I am afraid of water!
I am even more fearful of drowning!
I knew this the moment my mother tried washing my hair in the bath tub as a child. The water was streaming fast but it was hard to run. I tried it but my mother was holding me tightly so I wouldn’t fall in the tub. I remember putting up a fight with her, but lost; It’s hard fighting when you have shampoo in your eyes; water in your mouth and nose from crying; and a strong Jamaican mother.
Swim lessons at the YMCA didn’t help much. Without a flotation device I couldn’t get my arms and legs to do what other kids were doing, swim. Nor did my older brother’s attempt to teach me how to swim at my uncle’s house in Florida help. Growing up in Jamaica, my siblings learned how to swim by being thrown in a body of water. But when this was done to me one summer in Florida, I nearly drowned! Let’s just say I won’t try the “sink or swim” test with my future children. Sadly, I’m not alone.

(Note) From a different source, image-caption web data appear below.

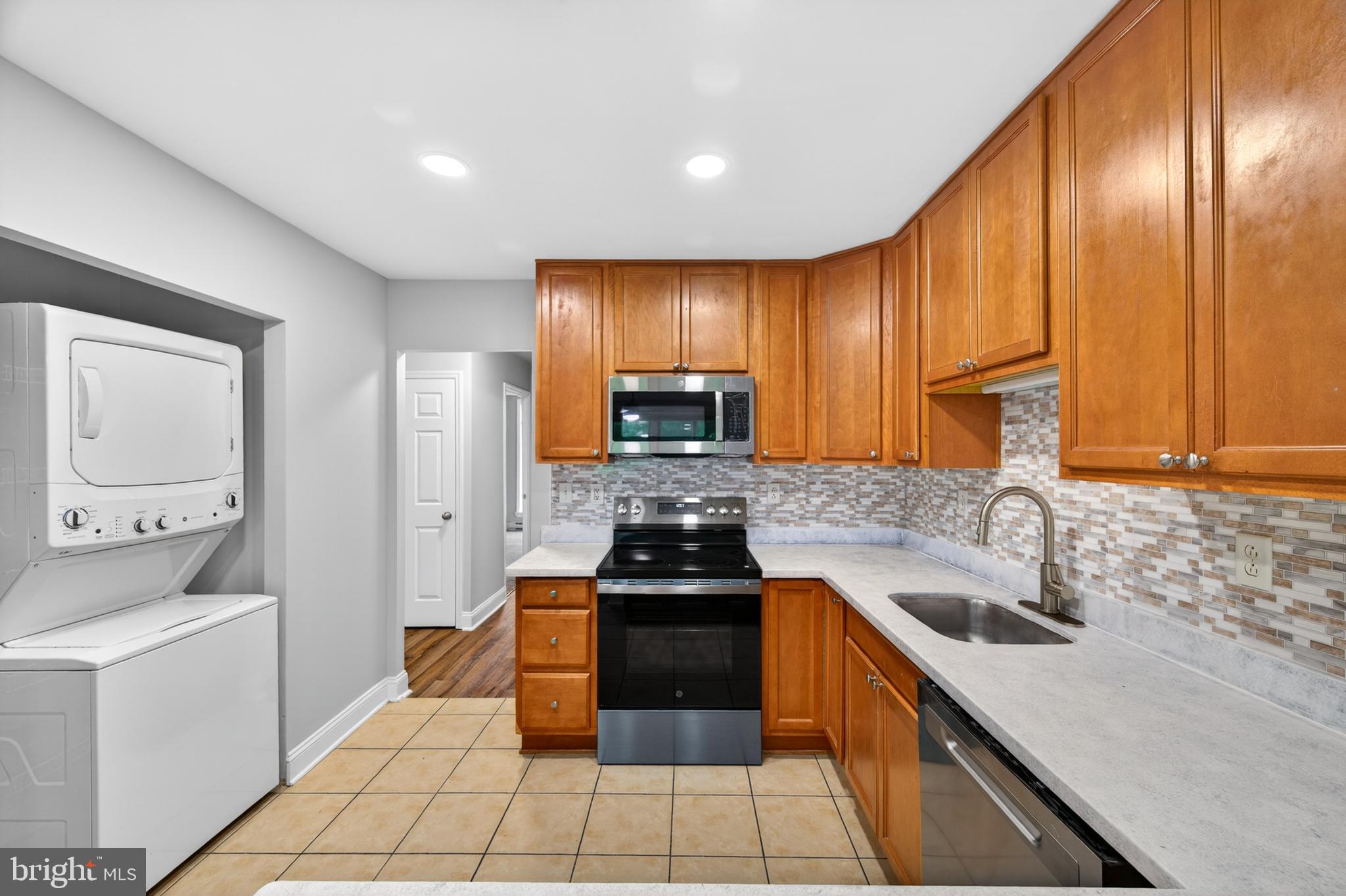 JEFFERSON CHASE - Residential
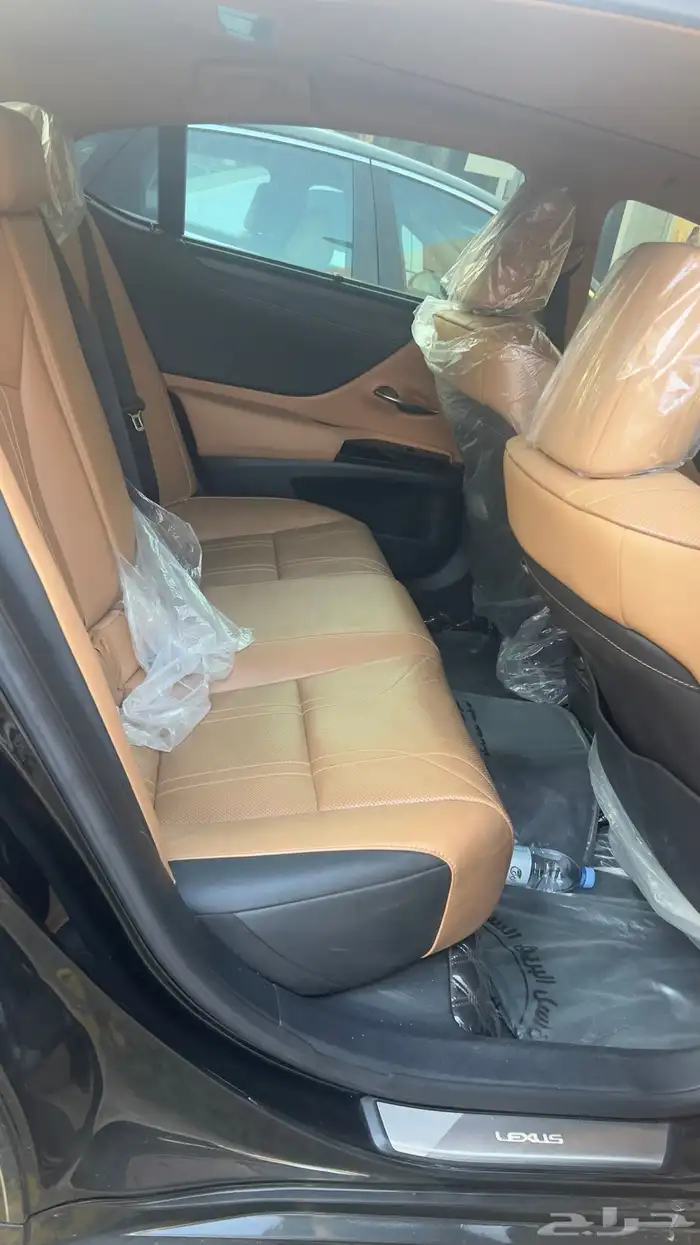 لكزس es350 2023 اسود 8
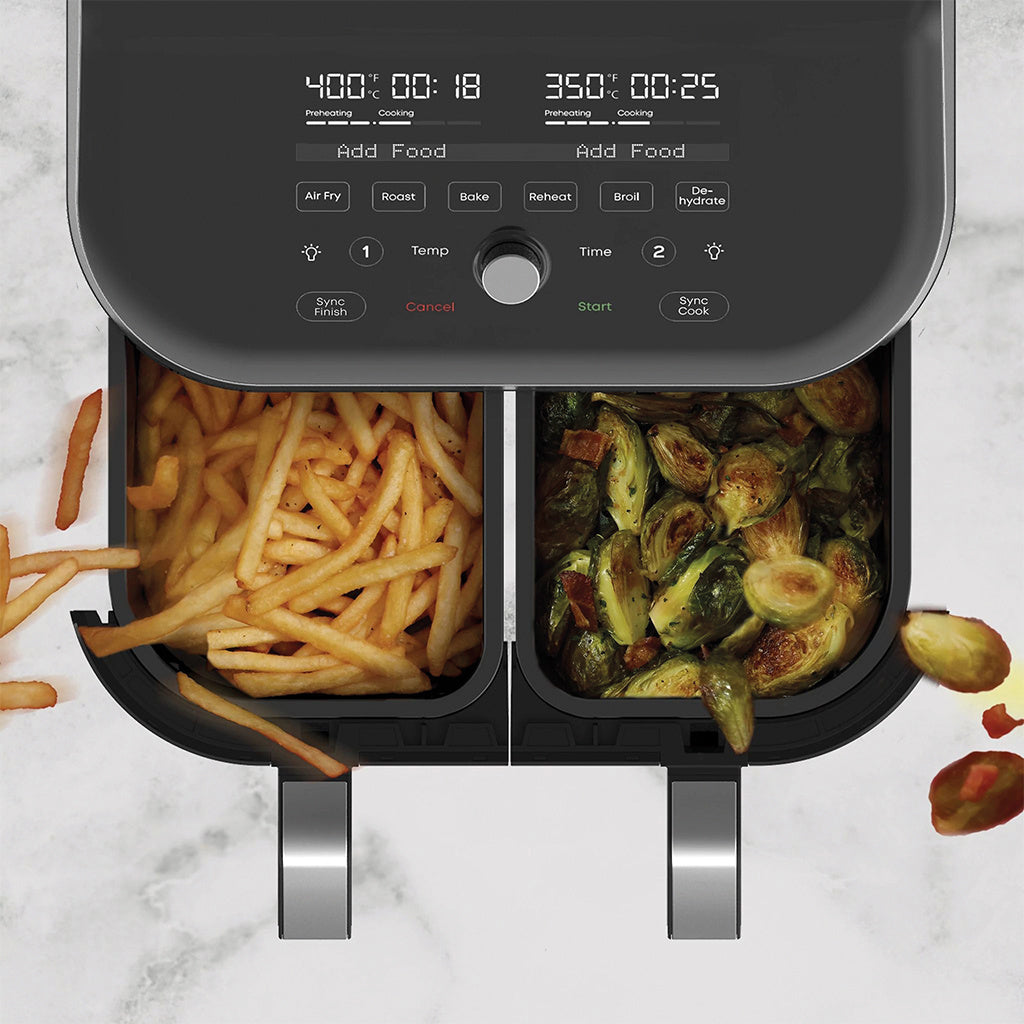 Friggitrice ad aria multifunzione con due cestelli in grado di: friggere, cuocere, arrostire, riscaldare, disidratare e grigliare. Uno strumento versatile per una cucina sana, con poche calorie e con il 95% di olio in meno. Cucina fino a 8 porzioni è perfetta per famiglie numerose. In negozio e online su tuttochic.it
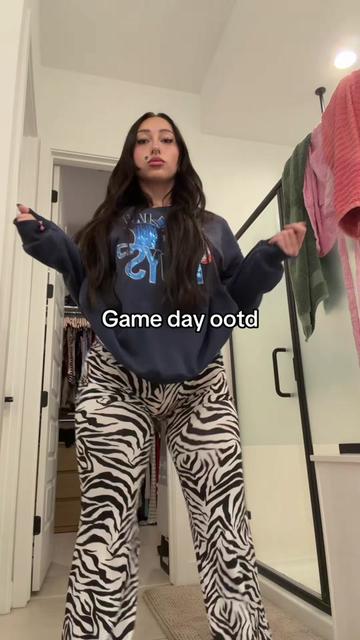 @👩🏻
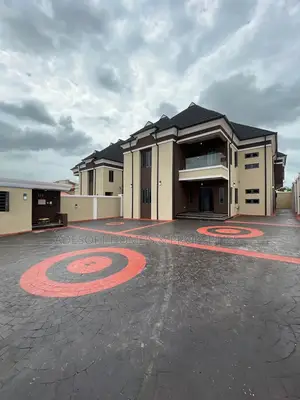 5bdrm Duplex in Malami Estate, Oluyole for sale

According to USA Swimming, 70% of African-American children cannot swim, compared with nearly 60% for Hispanic children and 42% for white children. So in an effort to get over my fear, this non-swimmer decided to go kayaking at Pactola Lake in South Dakota.
I obviously survived because I’m able to write this blog post.
With my life jacket on and the aide of my friend Justin — who is a 12-year kayaker and member of the Black Hills Paddlers — I was ready to get my feet wet. Not, literally, that wouldn’t be a good thing!
At times I thought, “what the heck am I doing!” but for the most part, I had a blast! There’s nothing like viewing the open-water in a kayak: the fresh air, the sounds of flies soaring, the songs of birds, the movement of water and the many things about nature we take for granted daily.
There was no turning back because I came, I paddled and I conquered!